三種の了別において、五十一個の心所法は必ずしも全てが用いられる必要はなく、具体的な状況に応じて分析すべきである。状況が異なれば用いる心所法も異なり、人によって様々な原因により使用する心所法に差異が生じる。同一人物であっても、時間や場面、身体状態や心理状態、知識水準や智慧のレベルが異なれば、運用する心所法も同一ではない。五遍行心所法は常に用いられるが、五別境心所法は必ずしも全てが用いられず、善十一心所法も常に現れるとは限らない。
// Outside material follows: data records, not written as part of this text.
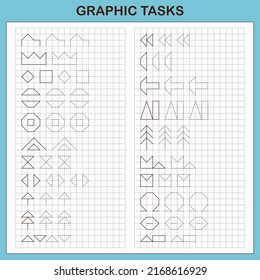 Graphic tasks by cells. Educational games for kids
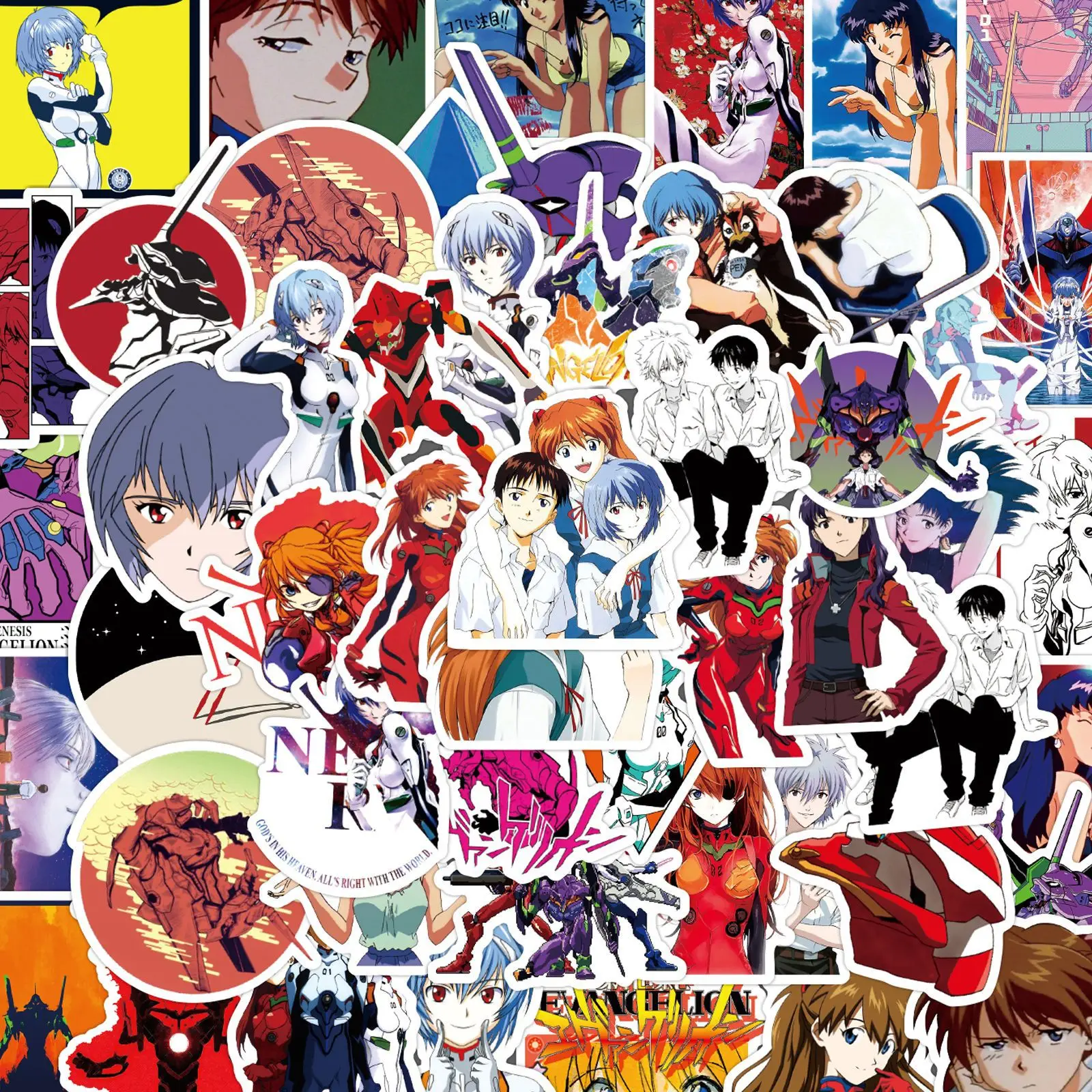 50 pçs neon genesis evangelion anime adesivos à prova dwaterproof água pacote bonito caso de telefone kawai portátil pele arte suprimentos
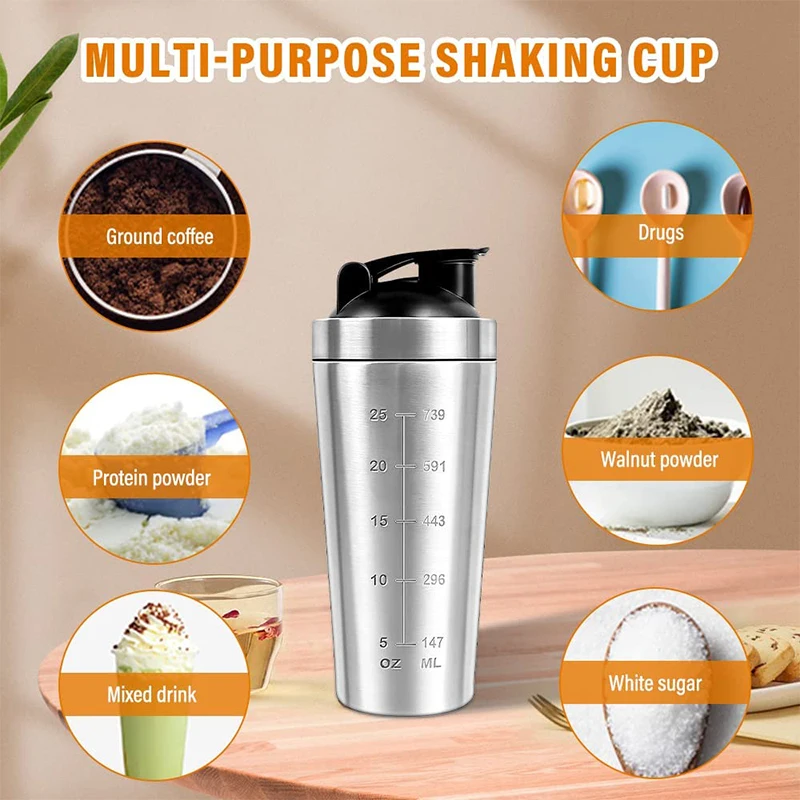 Protein Shaker Bottle With Powder Storage Container-shaker Cups For Protein  Shakes-pre Workout Bottle-mixer Cup-gym Sport Water Bottle -made With Bpa  Free,with Wire Whisk Balls For Sports, Gym And Fitness, Summer Drinkware 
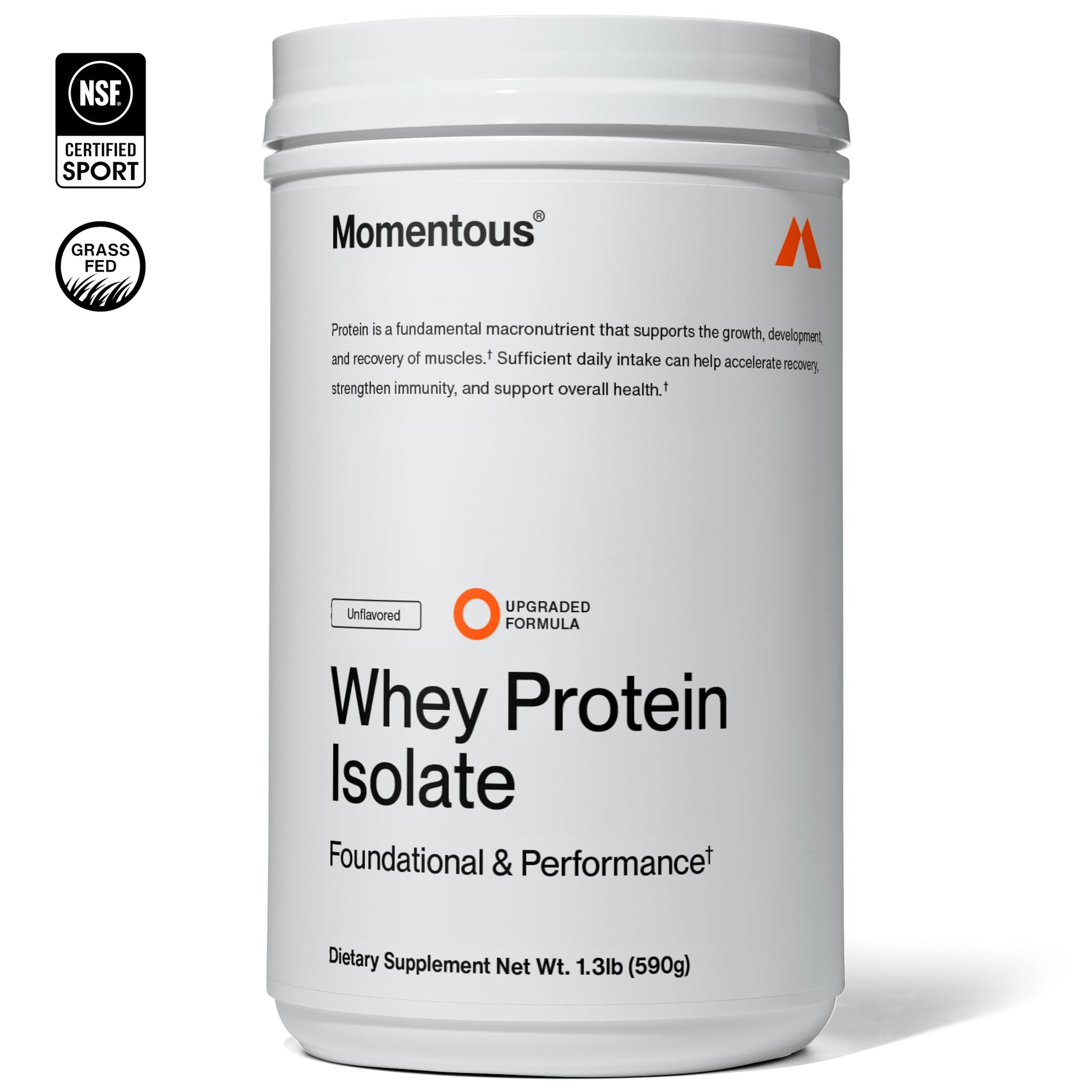 Momentous Essential Grass-Fed Whey Protein Powder - 20 g Whey Isolate Protein - NSF Certified for Sport - Gluten-Free - 25 Servings for Essential Everyday Use - Unflavored - Package May Vary - Medaid International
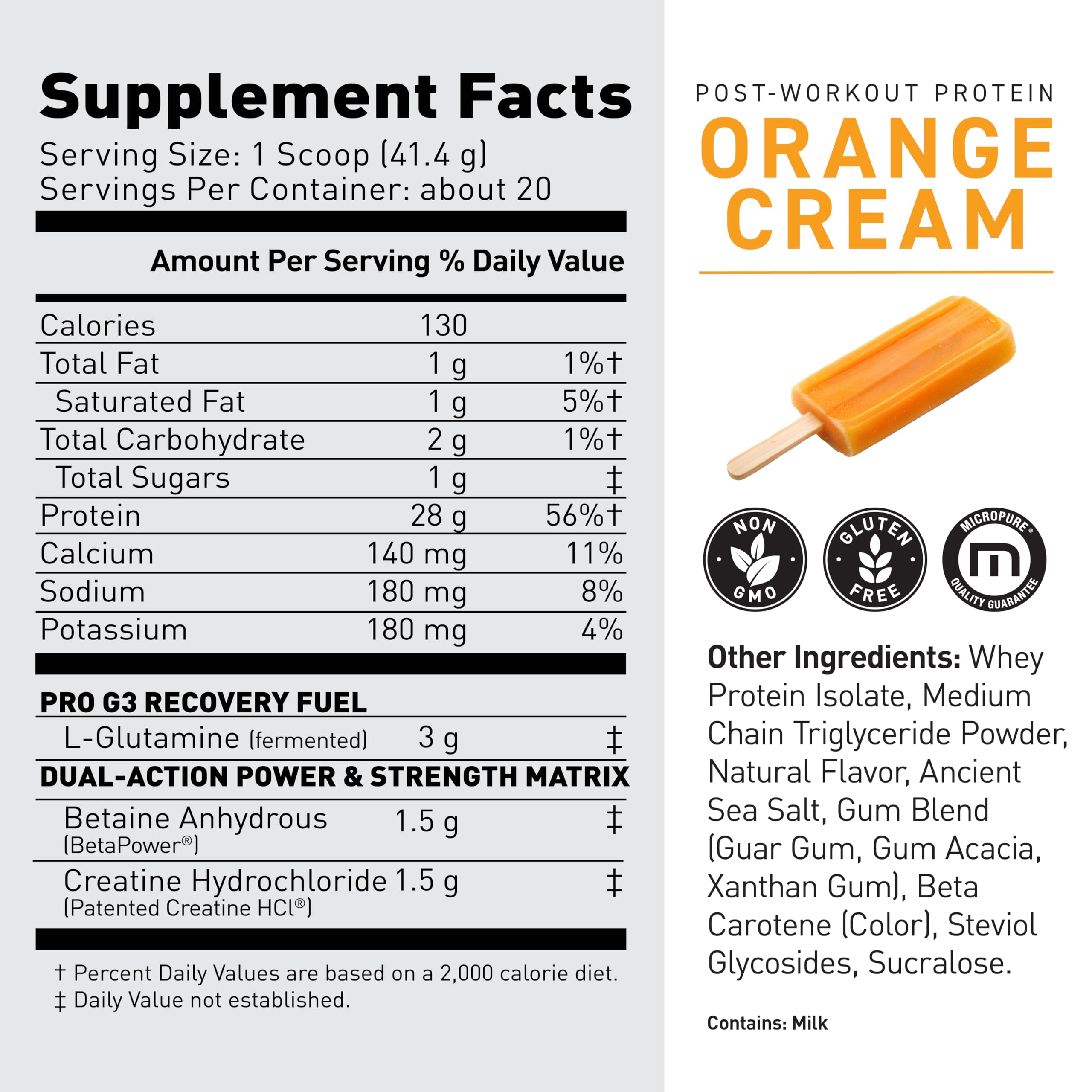 Kaged orange cream protein scoop image for quick post-workout support.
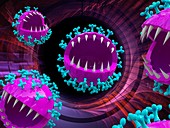 Coronavirus invasion, conceptual illustration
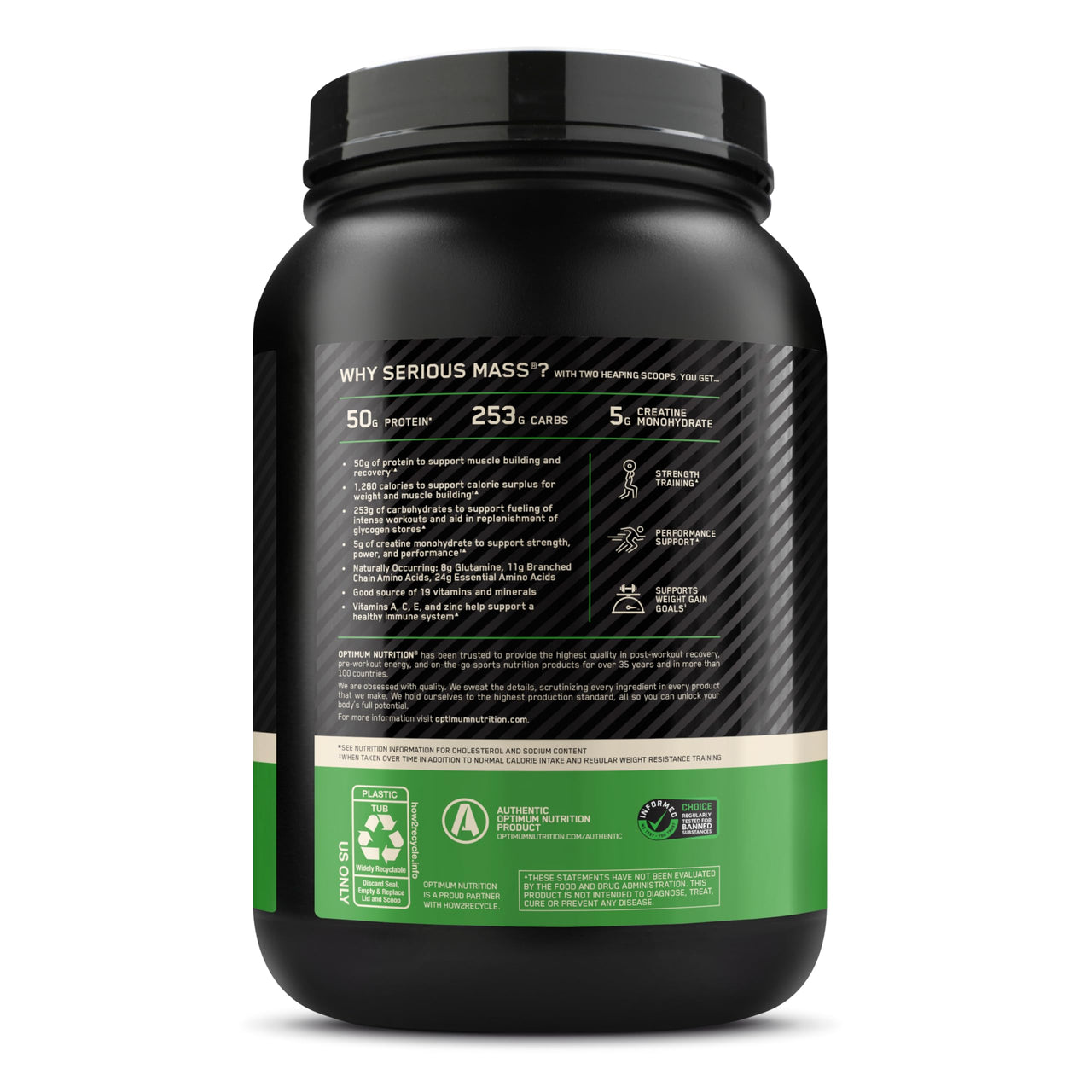 Optimum Nutrition Serious Mass, Weight Gainer Protein Powder, Mass Gainer, Vitamin C and Zinc for Immune Support, Creatine, Vanilla, 3 Pound (Packaging May Vary)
根本煩悩や大・中・小随煩悩心所法の出現も状況次第である。
現量了別には十分なデータ収集が必要であり、それには深い智慧が求められる。勝解心所法が強く、定心所法が現前し、念心所法が具足していなければならない。心心念念無間の境地を達成せねばならない。比量了別は相対的に智慧が浅く、必ず比較を要する。比較しなければ判別できず、相対する縁がなければ着手の余地がない。これに対し現量了別は比較を要せず直ちに認知し、あるいは当下にて知る。根が利くのである。非量了別は実証の手掛かりが得られず、十分なデータも比較対象もない状況下で、想像・推測・推理などの手段を用いざるを得ない。用いる方法が多ければ多いほど智慧が限られ、勝解力が弱いことを示す。当然ながら定力も念力も不足し、直接的な判断を下せず結論を導出できない。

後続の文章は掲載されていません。